Islamwissenschaftler kritisiert Ditib und Islamrat
Der Freiburger Islamwissenschaftler Abdel-Hakim Ourghi hat die islamischen Dachverbände Ditib und Zentralrat der Muslime scharf kritisiert. Beide stünden für einen extrem konservativen Islam, der nicht mit dem Grundgesetz und den westlichen Werten vereinbar sei, sagte Ourghi am Dienstag der Katholischen Nachrichten-Agentur (KNA) in Freiburg. So würden Kinder in einer "Pädagogik der Unterwerfung" erzogen oder Frauen ohne Kopftuch angefeindet.
Ourghi warf der Politik vor, die Augen vor Missständen zu verschließen, etwa im Blick auf muslimische Parallelgesellschaften. "Wir brauchen einen viel kritischeren Umgang mit dem Islam in der Bundesrepublik, dieses Thema dürfen wir nicht der AfD überlassen", sagte Ourghi, der an der Pädagogischen Hochschule in Freiburg muslimische Lehrerinnen und Lehrer ausbildet.

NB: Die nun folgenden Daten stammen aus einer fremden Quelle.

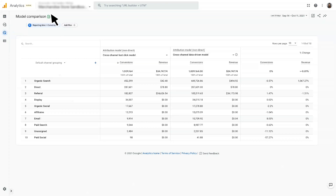Next, let's take a look at the model comparison report. When you go into this report, you will see a data table that shows your data broken out by the default channel grouping dimension. For each channel, you will see two metrics as calculated by the selected attribution models: conversions and revenue. In this example, we are comparing the cross-channel last-click model to the cross-channel data-driven model. You'll be able to understand the percentage by which conversions and revenue increase or decrease under different attribution models. And that's an overview of how you can use the attribution reports with data-driven attribution in Google Analytics 4.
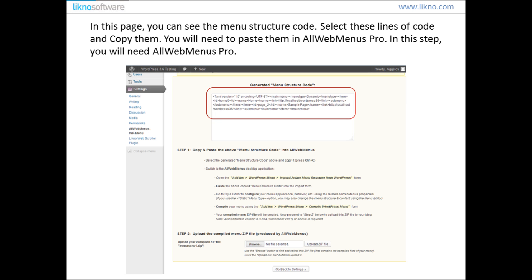In this page you can see the menu structure code. Select these lines of code and copy them. You will need to paste them in AllWebMenus Pro. So now it's time to switch to your AllWebMenus Pro application.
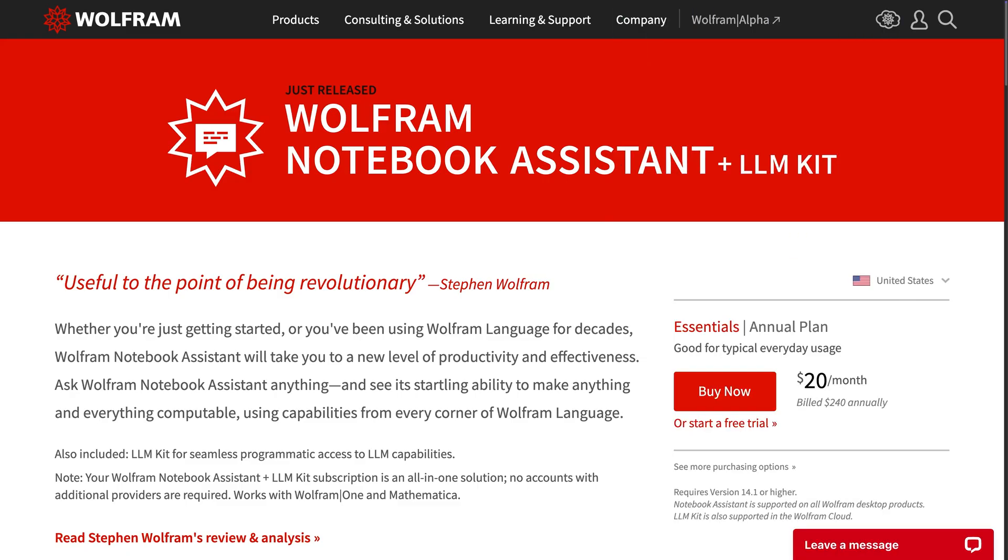Course Assistant is included with your Notebook Assistant and LLM Kit subscription. So get started today!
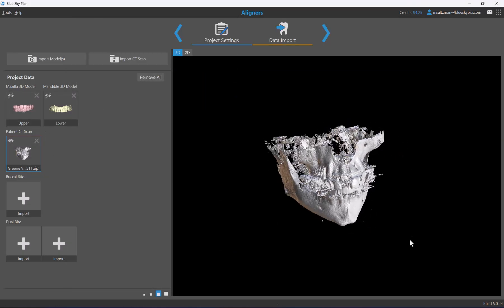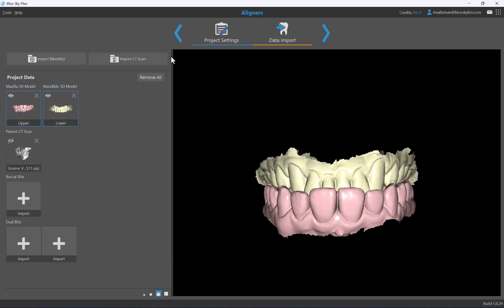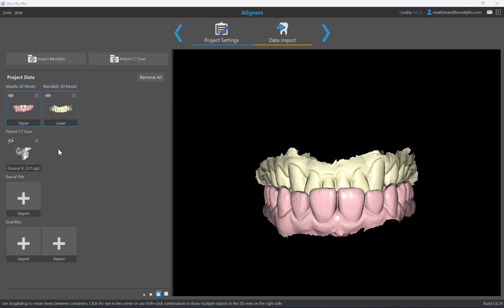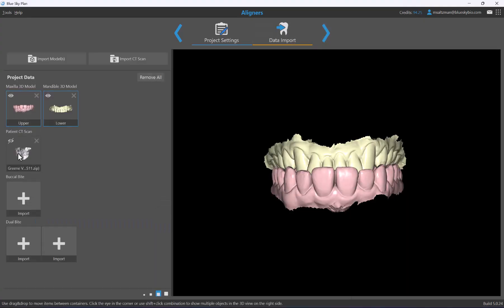Once you add the CT scan, the software's flow changes to take into consideration the CT scan, segmentation of the teeth, and alignment of the segmented CT teeth and CT bone with the imported models. You can toggle visibility options on and off. To remove a model or CT scan, click the red X; to remove all, click remove all. If you selected the wrong jaw, click back to correct it and your data import selection will remain on screen. Clicking next will load the data and proceed with the case.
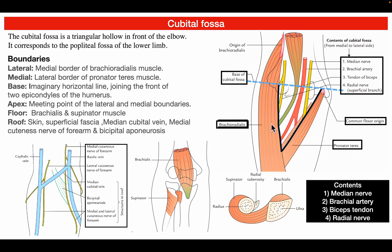In the lateral aspect it is formed by the medial border of the brachioradialis muscle. The floor is formed by two muscles: brachialis and the supinator muscles. The roof is formed by the skin, superficial fascia, median cubital vein, medial cutaneous nerve of the forearm, and the bicipital aponeurosis.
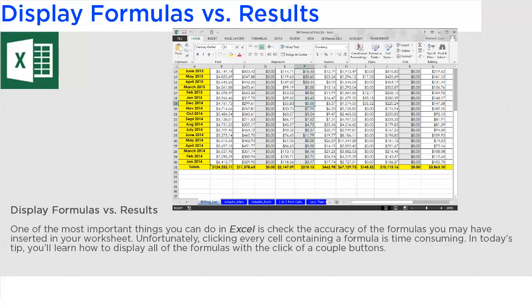One of the most important things you can do in Excel is check the accuracy of the formulas you may have inserted in your worksheet. Unfortunately, clicking every cell containing a formula is time-consuming.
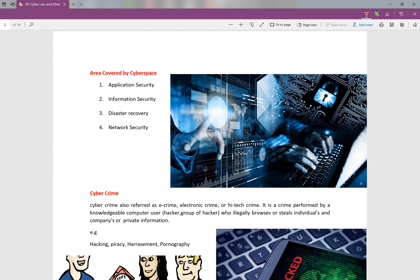The next topic is the areas covered by cyber space. If you have any area covered in cyber space, then you can see its uses. First, what is application security? Second, what is information security? Third, what is disaster recovery? The final one is network security. So there are many areas, and the common and maximum use area is covered.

Er bezeichnete das Kopftuch als Symbol der Unterdrückung und Kränkung von Frauen durch die männliche Herrschaft. "Es darf auch nicht sein, dass es der deutsche Staat akzeptiert, wenn Muslime ihre Töchter vom Schwimm- oder Sportunterricht abmelden."

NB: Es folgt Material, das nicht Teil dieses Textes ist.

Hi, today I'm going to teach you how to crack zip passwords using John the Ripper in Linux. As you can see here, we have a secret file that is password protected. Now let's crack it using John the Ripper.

Linktipp: Theologe: Verbindung von Islam und Extremismus
Der Theologe Abdel-Hakim Ourghi lobt die Worte von Papst Franziskus über den Islam. Kritik übt er dagegen an anderen Aussagen - und rät der Kirche von der Zusammenarbeit mit konservativen Verbänden ab. (Artikel von August 2016)Im Blick auf Spitzelvorwürfe gegen Ditib-Imame für den türkischen Staat sprach sich der Wissenschaftler dafür aus, jede staatliche Kooperation mit dem Verband zu beenden, etwa beim Religionsunterricht. "Ditib steht für einen türkisch-nationalistischen Islam, der von ausländischen Imamen gesteuert wird", so Ourghi. Ourghi würdigte die Dialogbemühungen der Politik und der christlichen Kirchen mit dem Islam; "falsche Toleranz" sei aber unangebracht. "Es darf keine Abstriche bei den grundlegenden Werten und Normen in Deutschland geben."

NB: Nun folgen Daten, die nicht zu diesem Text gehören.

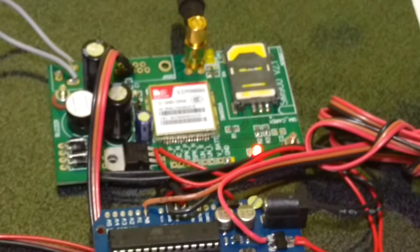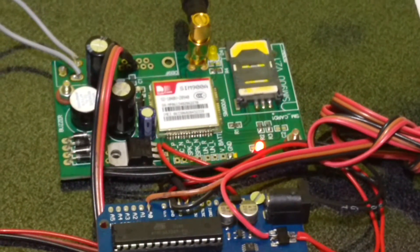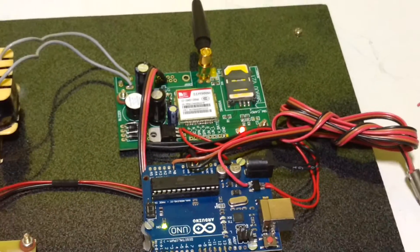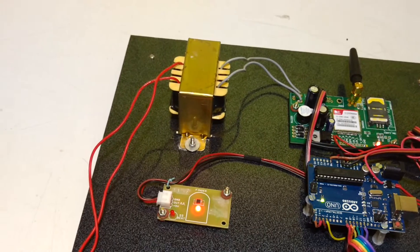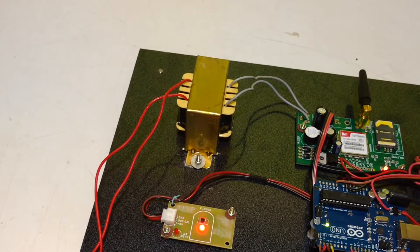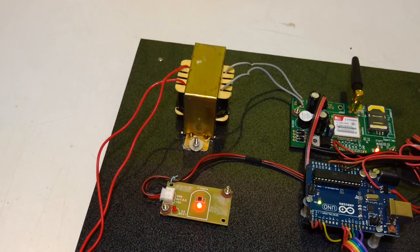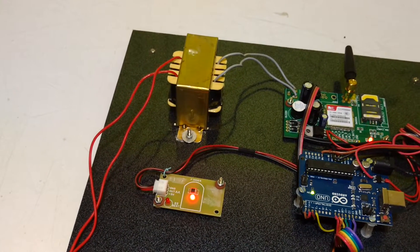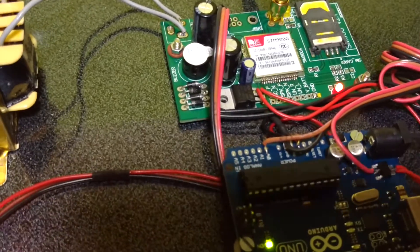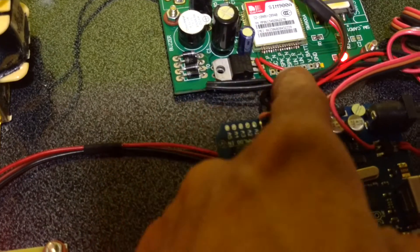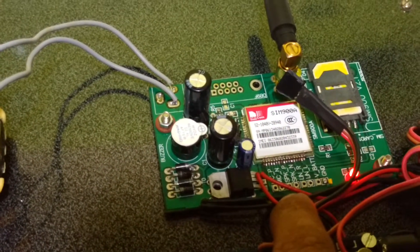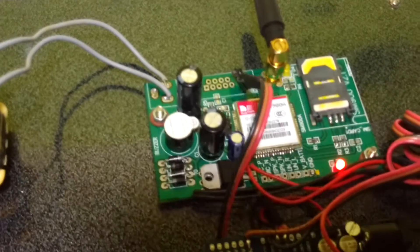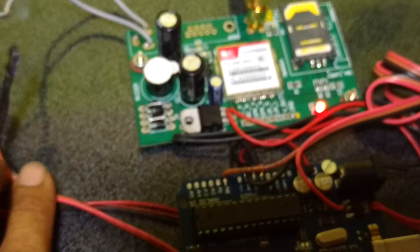We also implemented GSM modem SIM 900 for GSM connectivity. 12 volt secondary transformer which converts 230 volt AC to 12 volt AC. That 12 volt AC will be rectified by this bridge rectifier and filtered by these two filter capacitors.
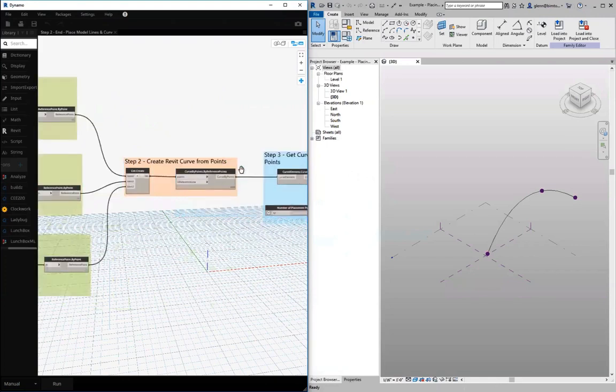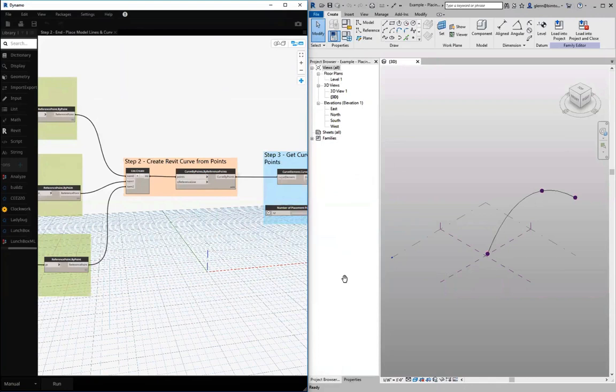In the end, we'll have something that looks like this with a couple different reference points and a line connecting them that we can then use as the basis for building a nice parametric Revit family that we'll be able to use as one of our modeling elements.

Historisch-kritischer Umgang mit Koran-Texten
Ourghi ist Mitbegründer der Reformgruppe "Säkulare Muslime". Er rief wiederholt zu Reformen in der islamischen Theologie auf. Dazu gehöre ein historisch-kritischer Umgang mit den Texten des Koran und eine Historisierung der Person Mohammeds. In einer im Internet veröffentlichen "Freiburger Deklaration" fordert er mit weiteren liberalen Muslimen ein "Aufklärungsprogramm", um das Ziel eines "reformierten Islam" als "integraler Bestandteil" der europäischen Gesellschaft zu erreichen. "Wir träumen von einer muslimischen Gemeinschaft, die Frieden, Toleranz und Nächstenliebe predigt und lebt", heißt es in der Erklärung. (KNA)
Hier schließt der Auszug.